A recently published study by a team of economists from Louisiana State University and Mississippi State University disputes the state’s claim that large sediment diversions are more cost-effective than slurry pipelines when building new land to replace Louisiana’s sinking wetlands.

The study concluded that some pipeline projects are more cost-effective because they build land quickly, while diversions take longer to construct and don’t create land for many years.

But the study also found there were limits to the advantages of pipelines. Pipes have a better cost-benefit ratio when the land-building takes place fewer than 20 miles from the sediment site; diversions perform better over longer distances and in time frames exceeding 50 years.

The study, “Trajectory economics: Assessing the flow of ecosystem services from coastal restoration,” looked at how much land could be built over a 50-year time frame by the two methods employed in the Coastal Protection and Restoration Authority’s Master Plan for the Coast 2012.

Existing sediment diversions like this one at Davis Pond haven't operated at full capacity, according to the authors of a recent study. That means the state may have overestimated how much land proposed diversions can build.
Existing sediment diversions like this one at Davis Pond haven’t operated at full capacity, according to the authors of a recent study. That means proposed diversions may not build as much land as projected. Credit: Coastal Protection and Restoration Agency

It was commissioned in 2008 by the research consortium Coastal Restoration and Enhancement through Science and Technology, based at LSU. The study was published this year in the peer-reviewed journal Ecological Economics.

Both dredging and diversions are integral parts of the 50-year, $50-billion Master Plan. Some fishing groups oppose diversions, fearing the change in water salinity will displace their target species.

Co-author Rex Caffey, director of the Center for Natural Resource Economics & Policy at LSU, stressed that the study does not endorse one type of land-building over another. He said the economists undertook the study because they believed the cost-benefit analysis used in the Master Plan didn’t include important factors.

The most obvious omission, they said, was that the Master Plan didn’t immediately count the benefits of land built by pipelines.

Co-author Daniel Petrolia, an agricultural economist at Mississippi State, said that by assigning equal value to acres built by diversions and pipeline projects, the state had ignored the value accrued by pipeline-created acres before diversions had created anything.

“It would be like saying if I put $20 in the bank, 10 years later it wouldn’t be worth any more than the $20 you just got,” he said. “That ignores the interest my $20 would have accrued while you were still waiting to get your $20.

“We’re saying you have to credit the services those acres are performing while you’re waiting for the diversion to build acres.”

A second factor the team said the state missed was the possible costs of what the economists call “socio-political” constraints. These include the influence of stakeholders such as fishers on diversion operations, who have prevented the freshwater diversions at Caernarvon and Davis Pond from flowing at peak efficiency, the economists said.

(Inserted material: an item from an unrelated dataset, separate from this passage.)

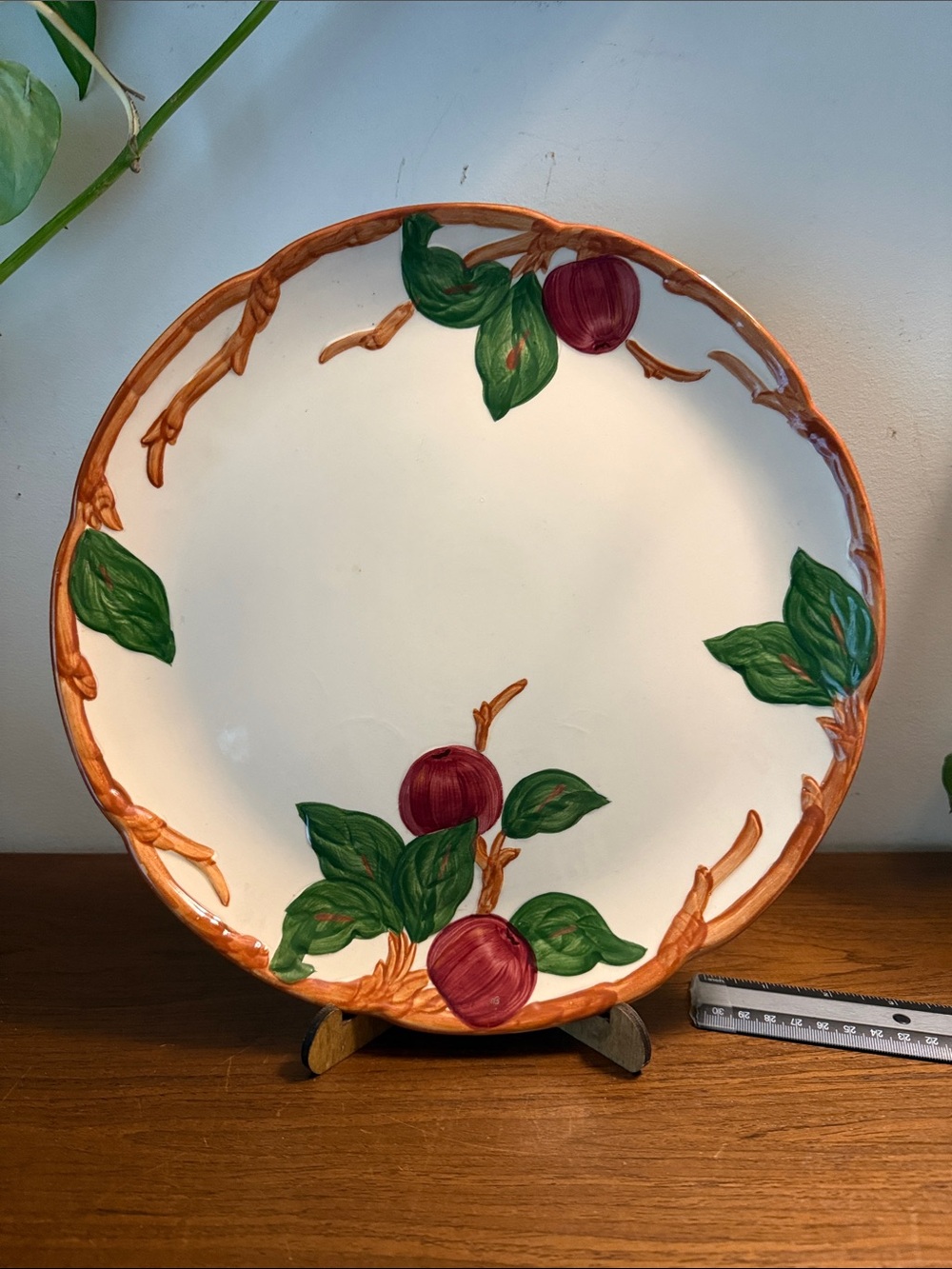 Vintage FRANCISCAN Apple 12 inch Round Serving Platter Chop Plate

The state coastal authority “estimates the benefits of these projects as if they will be run at peak efficiency according to their designs, but that just ignores what has been the real-life experiences of these projects,” Caffey said.

The Coastal Protection and Restoration Authority did not respond to a request for comment.

The Lake Pontchartrain Basin Foundation supports the use of diversions. Executive Director John Lopez said the study showed some positive effects of diversions, but he questioned some of the metrics.

“I think it draws some important conclusions, the first being when diversions are operated at their full capacity, they can produce a great amount of land and do it at about a third the cost” of slurry pipelines, he said.

“And they show some very tangible results in marsh creation, whether it’s by the slurry pipelines or diversions. So, in a real way, they make the very strong case for funding the Master Plan, whichever method is used.”

But Lopez said he doesn’t believe the study gave enough weight to the effect of fuel prices in judging the cost-effectiveness of pipeline projects, especially when moving sediment great distances.

“If you’re going to include social constraints for diversions, then I thought to be balanced they should include those uncertainties as constraints for marsh creation,” he said.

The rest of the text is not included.